Context7
Pulls the latest official docs for 110,000+ programming libraries and injects them directly into your AI coding assistant at prompt time, so the LLM is working from current API specs instead of training-data snapshots.
Screenshots
Operator's take
If you use an AI coding assistant day-to-day, you've already hit the wall: you ask it to scaffold a Next.js route or wire up a Tailwind class and it confidently hands you syntax that was deprecated two versions ago. The root problem isn't the model — it's that the model's knowledge froze at training time and libraries don't. Context7 is Upstash's solution to that specific mismatch. It runs as an MCP server, intercepts your prompt, fetches current documentation from the official source repository for whatever library you're referencing, condenses it into a context-friendly snippet, and hands it to the LLM before it responds. You get a working answer against the actual API version you're using. The bet is narrow: fix one problem, fix it well.

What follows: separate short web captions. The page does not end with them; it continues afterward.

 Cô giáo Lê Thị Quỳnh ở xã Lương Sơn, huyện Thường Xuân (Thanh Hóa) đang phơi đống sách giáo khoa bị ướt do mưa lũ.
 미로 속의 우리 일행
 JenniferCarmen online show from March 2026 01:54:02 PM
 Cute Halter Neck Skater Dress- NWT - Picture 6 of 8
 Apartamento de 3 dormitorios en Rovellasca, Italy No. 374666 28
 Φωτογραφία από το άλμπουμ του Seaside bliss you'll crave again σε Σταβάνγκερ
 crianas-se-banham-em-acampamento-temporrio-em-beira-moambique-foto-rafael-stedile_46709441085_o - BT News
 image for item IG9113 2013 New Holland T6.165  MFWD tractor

Setup is lightweight — run npx ctx7 setup and it installs either as an MCP server or a CLI+Skills layer (no MCP required) in Cursor, Claude Code, or any MCP-compatible editor; trigger it by appending use context7 to a prompt. There's no pipeline to build, no database to maintain, no embeddings to refresh. Context7 handles the fetch-and-summarize layer for you. A free API key from the dashboard is recommended for higher rate limits but not required. For developers who have been manually pulling up docs tabs to sanity-check AI suggestions, this removes most of that friction.
The ceiling is real, though: Context7 is purpose-built for programming documentation. Private sources (internal repos from GitHub/GitLab/Bitbucket) are supported, but only on the paid Pro and Enterprise plans — on the free tier you're limited to the public index. And if you're working in a niche ecosystem, you'll still hit gaps — the 110,000+ library index is wide for mainstream tooling, thin for the long tail. This is a focused utility for library-documentation work, not a general knowledge augmentation layer.
What it's good at
- Current API accuracy — fetches docs at prompt time from official source repositories, so the LLM codes against the version you're actually running rather than its training snapshot.

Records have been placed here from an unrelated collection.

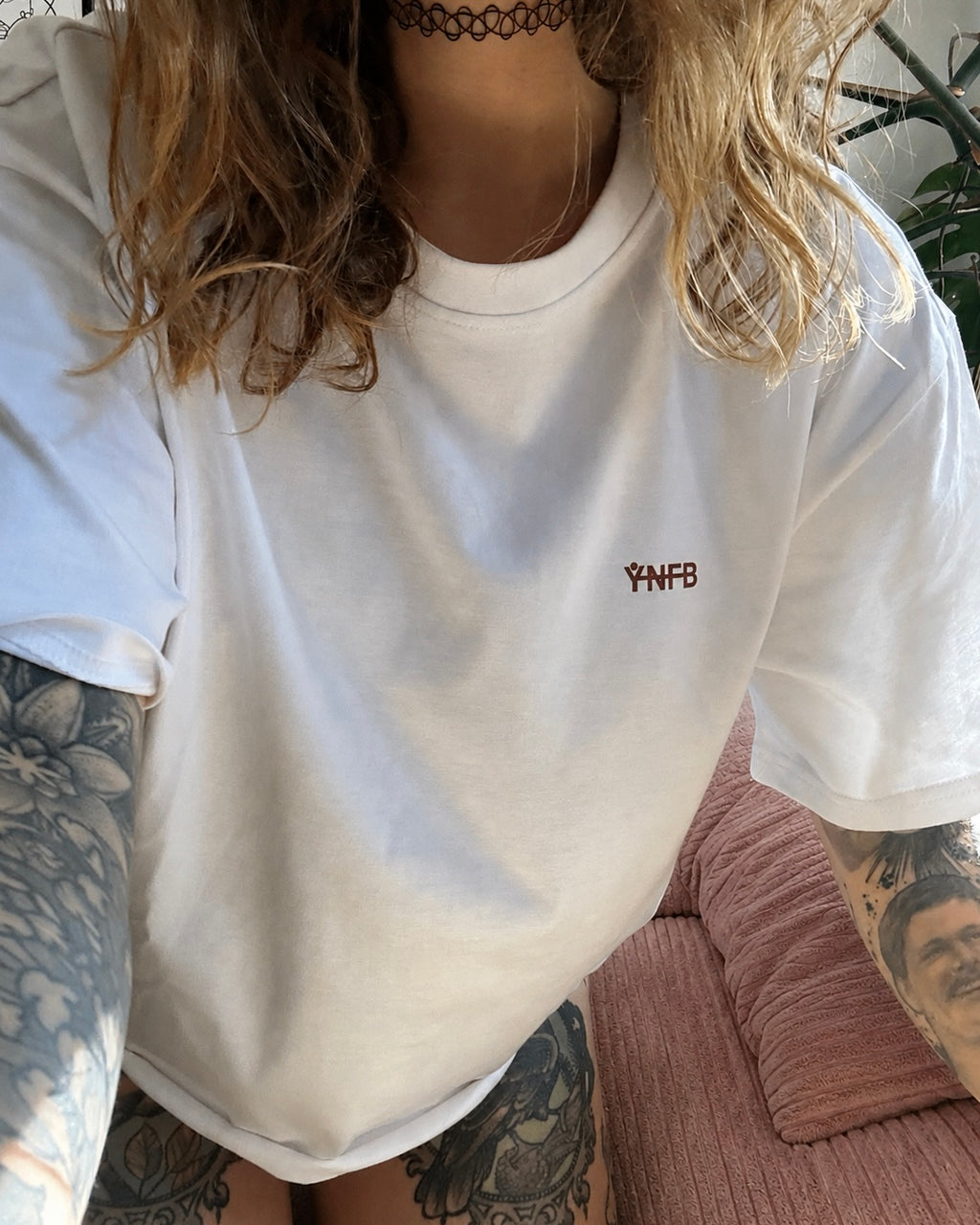 Weißes oversized medium cropped boxy T-Shirt mit YNFB Logo front print auf female model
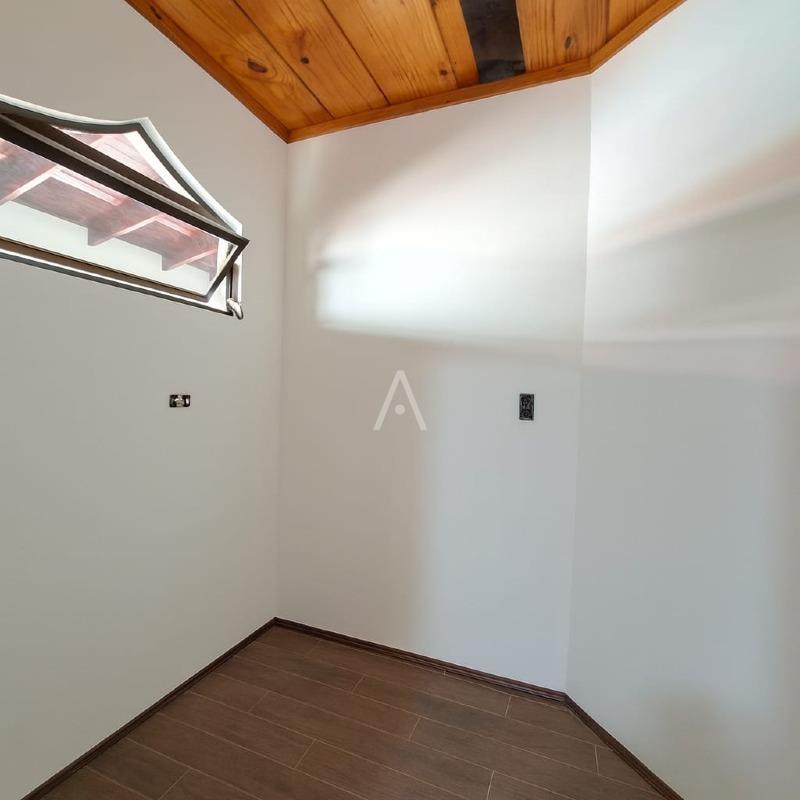 Sobrado para à venda no Bairro Pioneiros Catarinenses em CASCAVEL: 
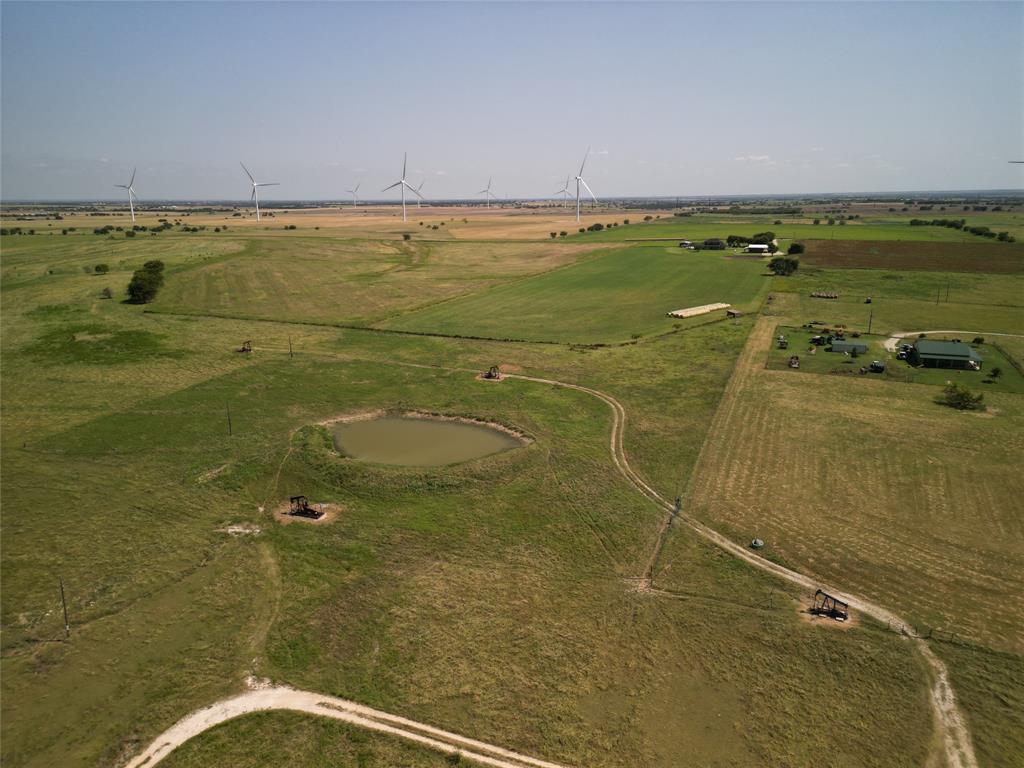 1397 Cr 338 Gainesville Tx 76240 Gainesville, TX 76240 - Photo 35 of 36 a view of a bathroom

- MCP integration with major editors — drops into Cursor, Claude Code, and any MCP-compatible editor with a single server config entry, or runs without MCP entirely via the CLI+Skills mode.
- Zero-maintenance context layer — no embeddings pipeline, no vector database to manage, no manual refresh cycle; the fetch happens on demand each call.

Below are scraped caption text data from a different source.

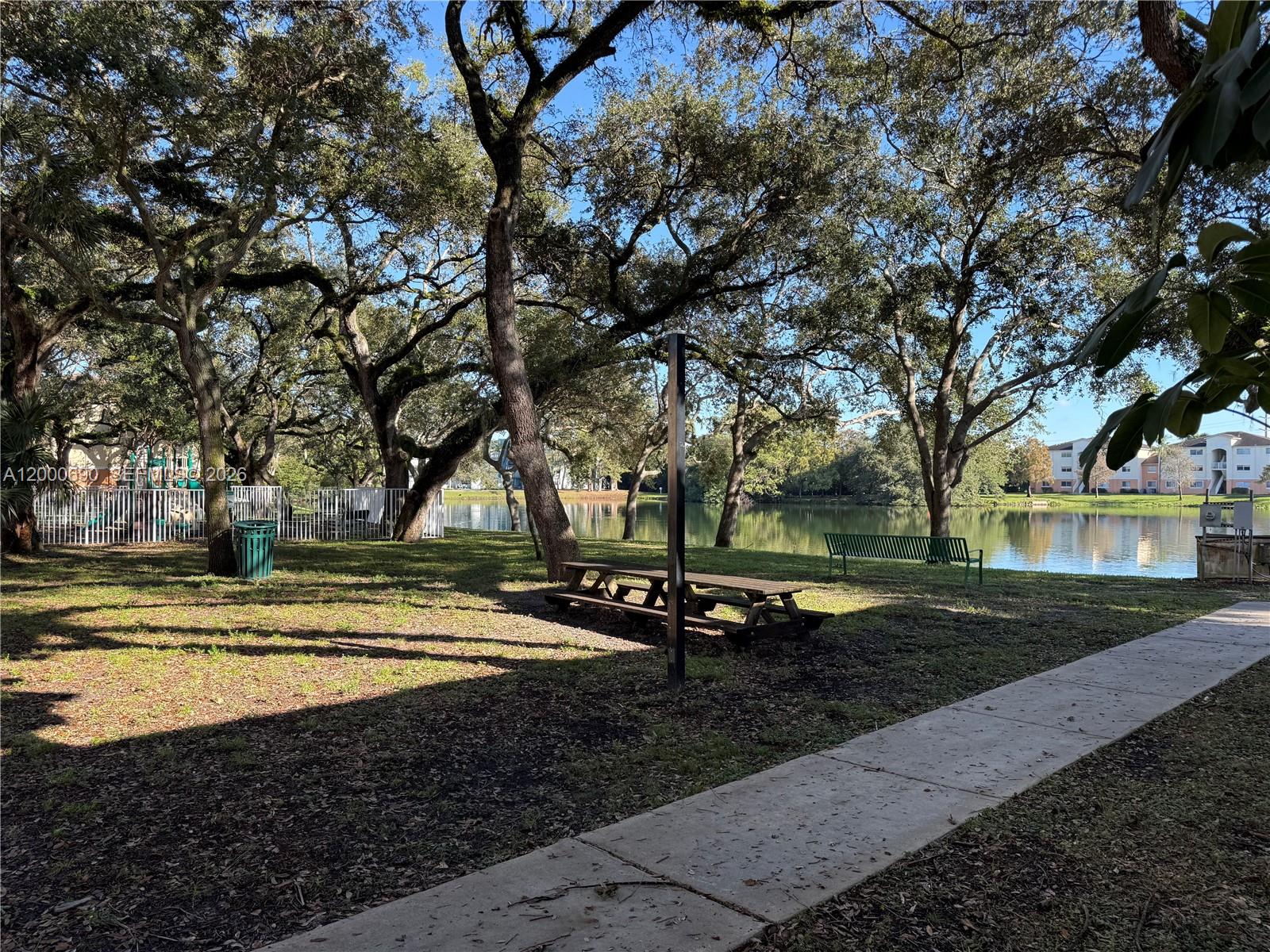 LAKEWOOD AT EMERALD HILLS - Residential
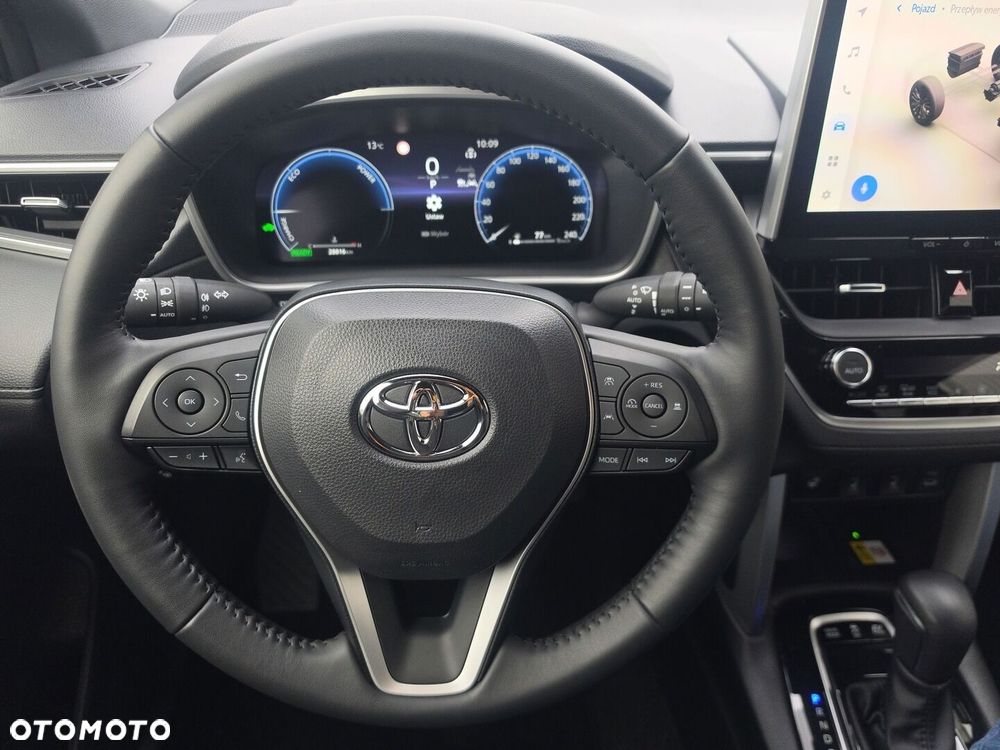 Toyota Corolla Cross 2.0 Hybrid Executive - 12
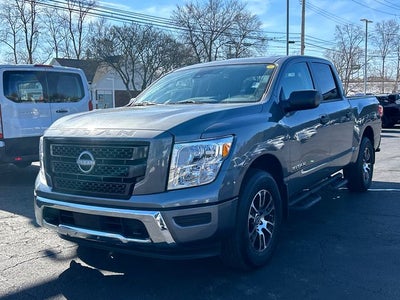 2024 Nissan TITAN Crew Cab SV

- Broad mainstream library coverage — 110,000+ libraries indexed across major web, backend, and data frameworks, updated on a rolling basis from official source repositories.
- Programmatic API access — developers can retrieve generated context snippets programmatically for custom tooling or CI-adjacent workflows.
What it's not
- Not a general RAG system — built for programming library docs (public index free; private Git-hosted sources on Pro/Enterprise); it's not designed to index unstructured knowledge bases or non-code content.
- Not free for private ecosystems — internal libraries and private repos require the Pro plan or above; on the free tier, niche and proprietary stacks stay uncovered.
- Not a replacement for a general retrieval layer in production apps — the surface has grown past editor UX (REST API, TypeScript SDK, agent integrations, an embeddable docs chat widget), but it's still docs-shaped infrastructure, not general-purpose RAG or semantic search over your own data.
- Not zero-config for rate-limit-sensitive workflows — works without an account, but a free API key from context7.com/dashboard is recommended for higher rate limits; heavy use without a key will hit throttling faster.